我们的目的是分析文本的情感：积极或消极。因此，这里设置阈值为30：star 小于30的为消极（0）、大于等于30的为积极（1）。

# 定义函数：根据用户评的星级来估计sentiment（情感）
def make_label(star):
    if star >=30:
        return 1
    else:
        return 0
# 运用 apply 方法得到新列
data["sentiment"] = data.star.apply(make_label)
data.head()

	reviewid	reviewbody	star	sentiment
0	661913194	宝燕乐园的滑滑梯很出名啊，波浪行的，陡峭型的，管道式的，小朋友一个滑滑梯滑过来，乐此不疲。

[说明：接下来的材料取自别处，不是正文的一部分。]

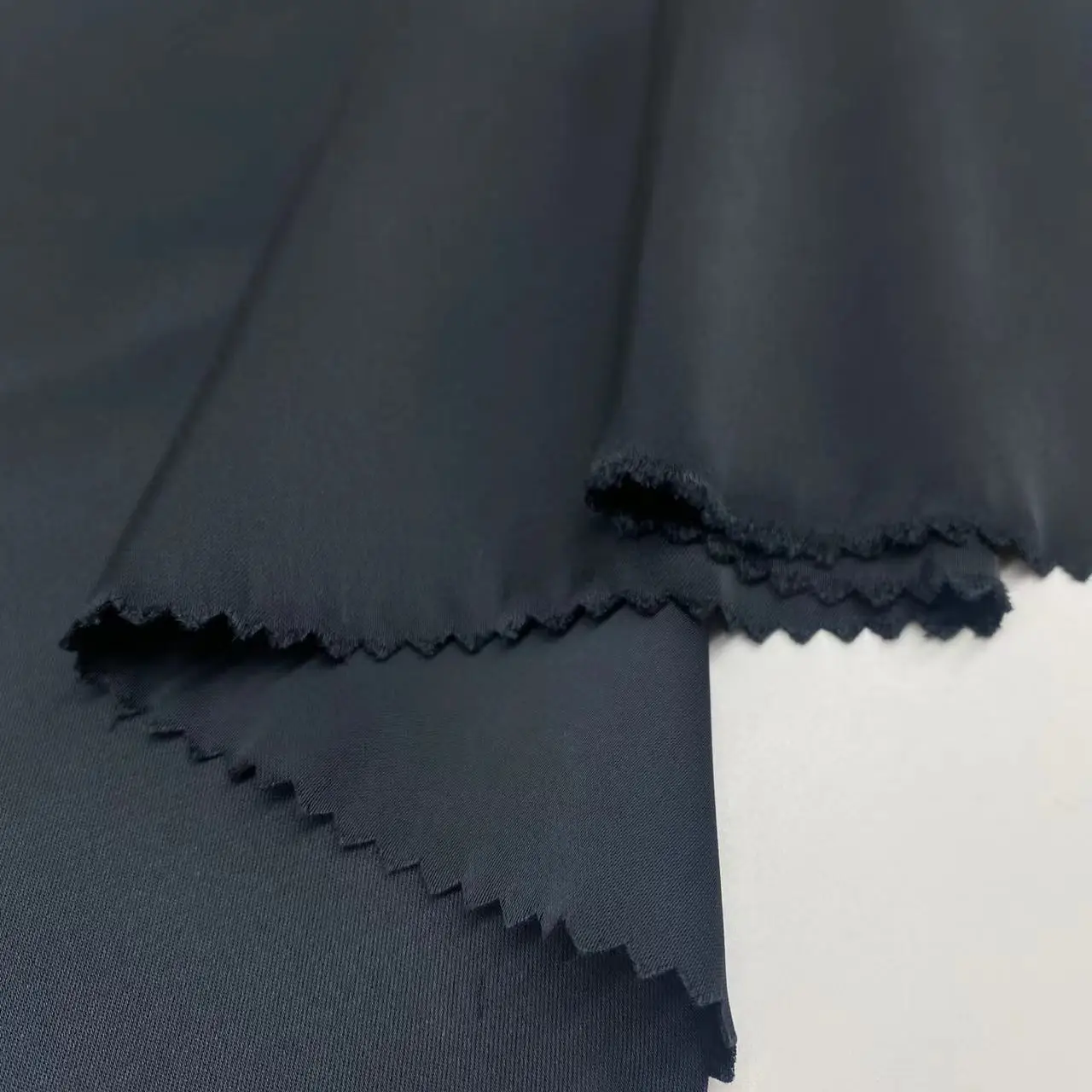 100%polyester Two Side Satin ACETATE-LIKE Fabric for Women Clothes Dress Earphone Cable 100% Polyester Woven 75D Plain 220gsm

园...	50	1
1	661913413	挺不错的潮汕味道，老家的味道	50	1
2	661913671	心心念念几个月，今天终于成行啦，四个人早早开车前往田林路，最近在修路所以车只能停在地下室，（...	50	1
3	661914092	干净卫生，老板服务热情，很温馨的汗蒸房??	50	1
4	661916265	慕名而去的，88元12个的大生蚝吃完感觉特别值，出菜员还告诉我们给我们多加了两个。感觉在广东...	45	1

sentences = data["reviewbody"].astype(str)
labels = data["sentiment"]

3、分词并转化为词向量

import jieba
from gensim.models.word2vec import Word2Vec
def train_word2vec(sentences,save_path):
    sentences_seg = []
    sen_str = "\n".join(sentences)
    res = jieba.lcut(sen_str)
    seg_str = " ".join(res)
    sen_list = seg_str.split("\n")
    for i in sen_list:
        sentences_seg.append(i.split())
    print("开始训练词向量") 
#     logging.basicConfig(format='%(asctime)s : %(levelname)s : %(message)s', level=logging.INFO)
    model = Word2Vec(sentences_seg,
                size=100,  # 词向量维度
                min_count=5,  # 词频阈值
                window=5)  # 窗口大小    
    model.save(save_path)
    return model

model =  train_word2vec(sentences,'/Users/liming/Downloads/word2vec.model')    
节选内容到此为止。